Another big takeaway from the Notice is that rules of the Securities and Exchange Commission (SEC) will not, unless otherwise specifically noted in Section 162(m), be dispositive in determining whether a particular executive is a Covered Employee. For example, smaller reporting companies are generally required by the SEC to list a principle executive officer and only the two other highest-paid officers; nonetheless, the Notice makes clear that, even if not required to be reported by SEC rules, the principle executive officer, the principle financial officer and the next three highest-paid officers will now be considered Covered Employees.

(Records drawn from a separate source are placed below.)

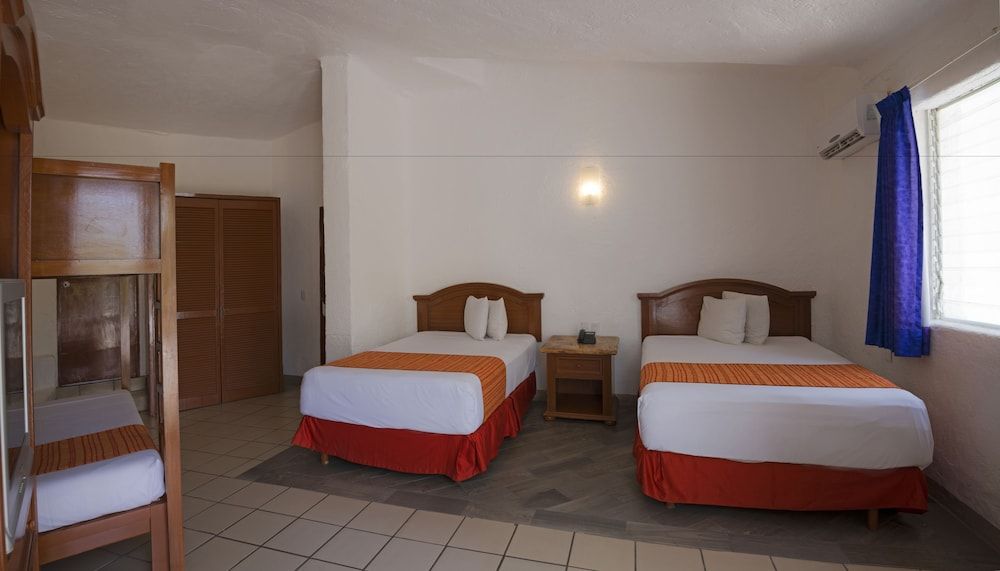 Vista Playa de Oro Manzanillo Family Room 2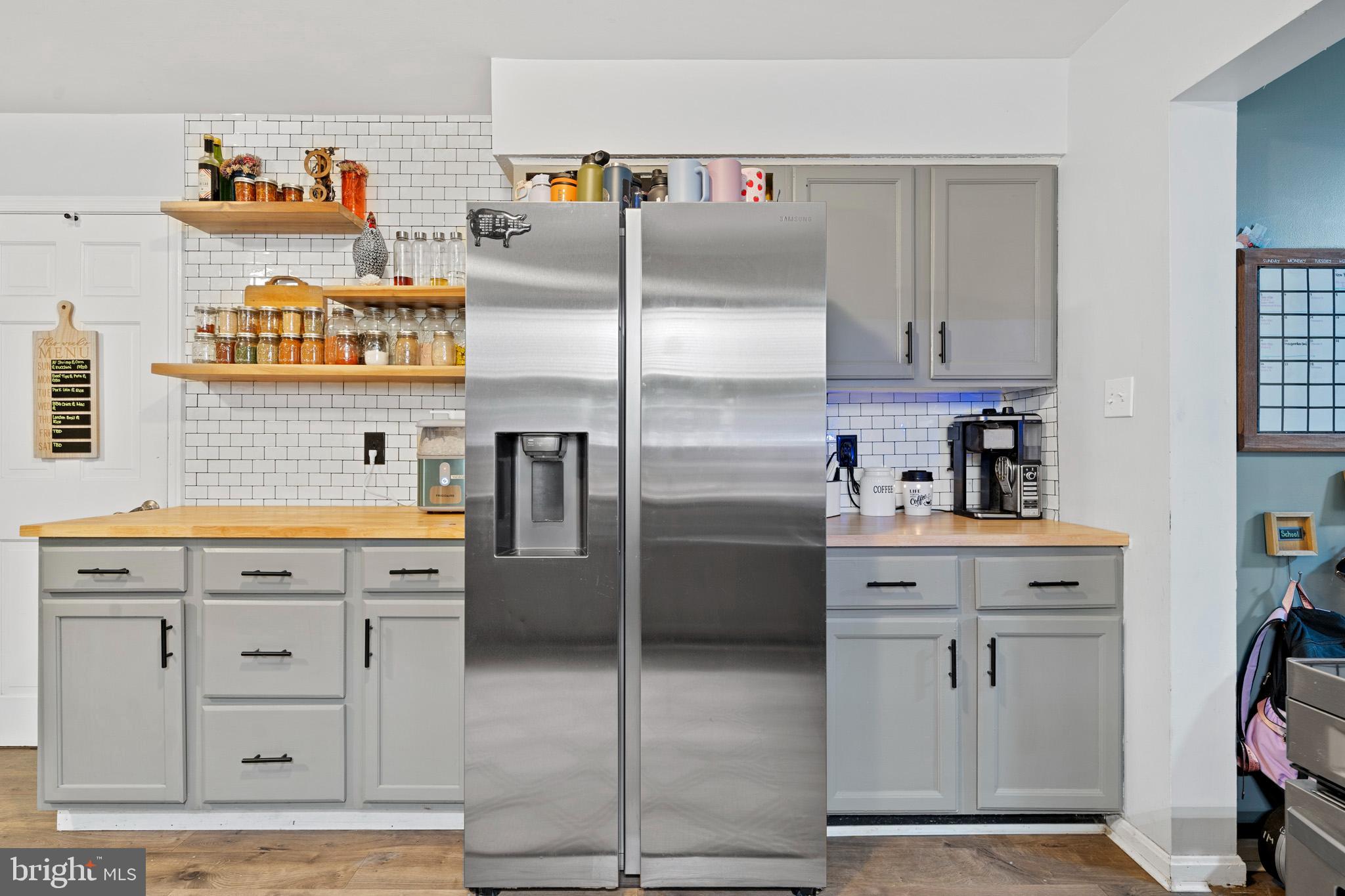 SENTRY WOODS/HUNTINGTON - Residential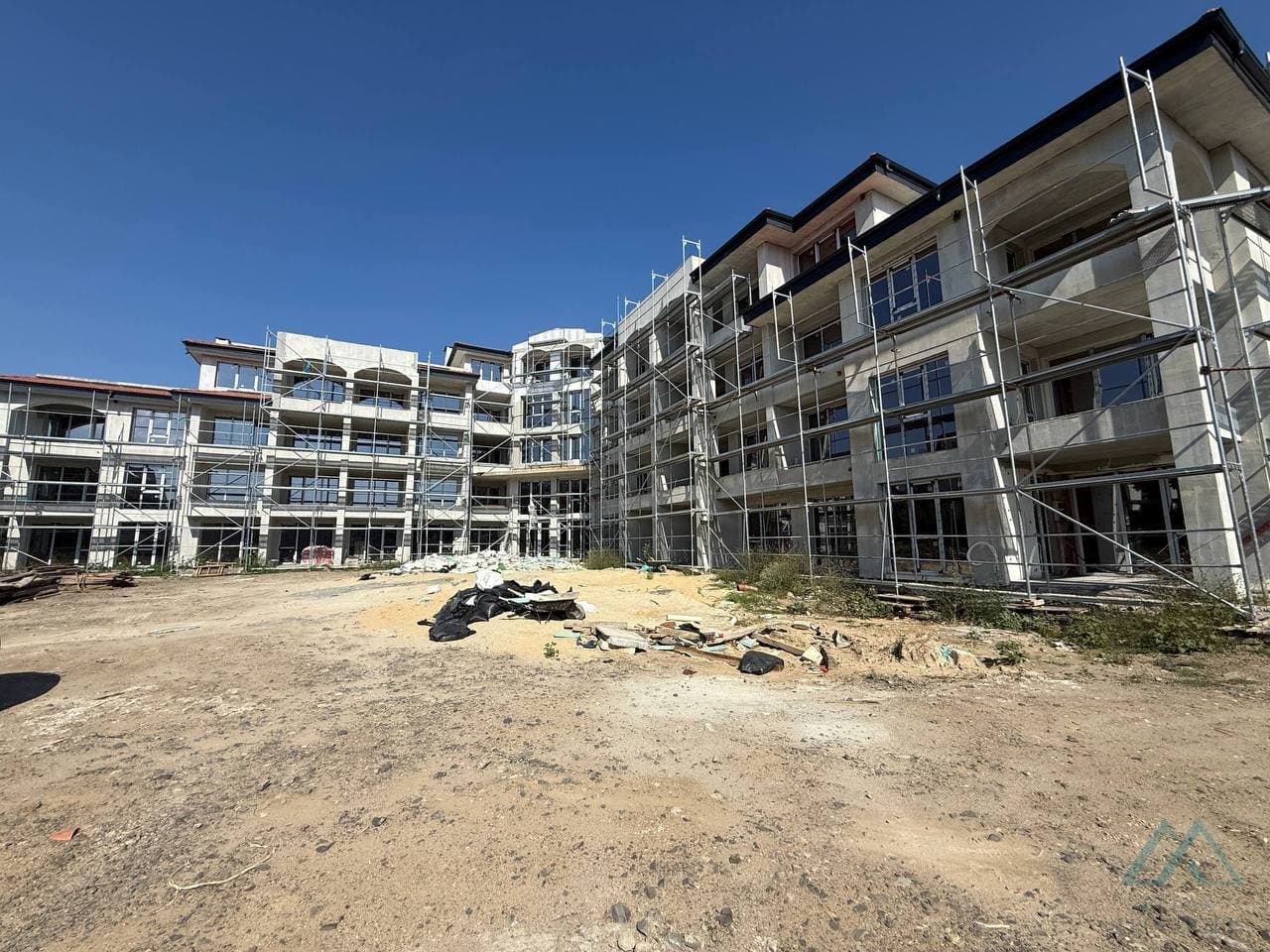 Nové apartmány přímo od developera v prestižním rezidenčním komplexu Holiday Resort, Sveti Vlas, Bulharsko - foto 23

With respect to companies that are subject to Section 162(m), pursuant to the Notice, a public company that does not file a proxy statement in a given year (for example due to a going-private transaction or de-listing) would still be subject to Section 162(m) for that year. The Notice also provided some clarity as to the results in the year of acquisition under Section 162(m) in certain other corporate transactions.

While the guidance is certainly helpful in addressing some of questions raised by the TCJA in this space, the IRS reserved on certain other issues, including the applicability of Section 162(m) to foreign private issuers and the application of Section 162(m) to companies that have recently gone public, such as through an initial public offering. The IRS anticipates that the guidance in the Notice will be incorporated into future regulations that will apply to taxable years ending on or after September 10, 2018.

DISCLAIMER: Because of the generality of this update, the information provided herein may not be applicable in all situations and should not be acted upon without specific legal advice based on particular situations.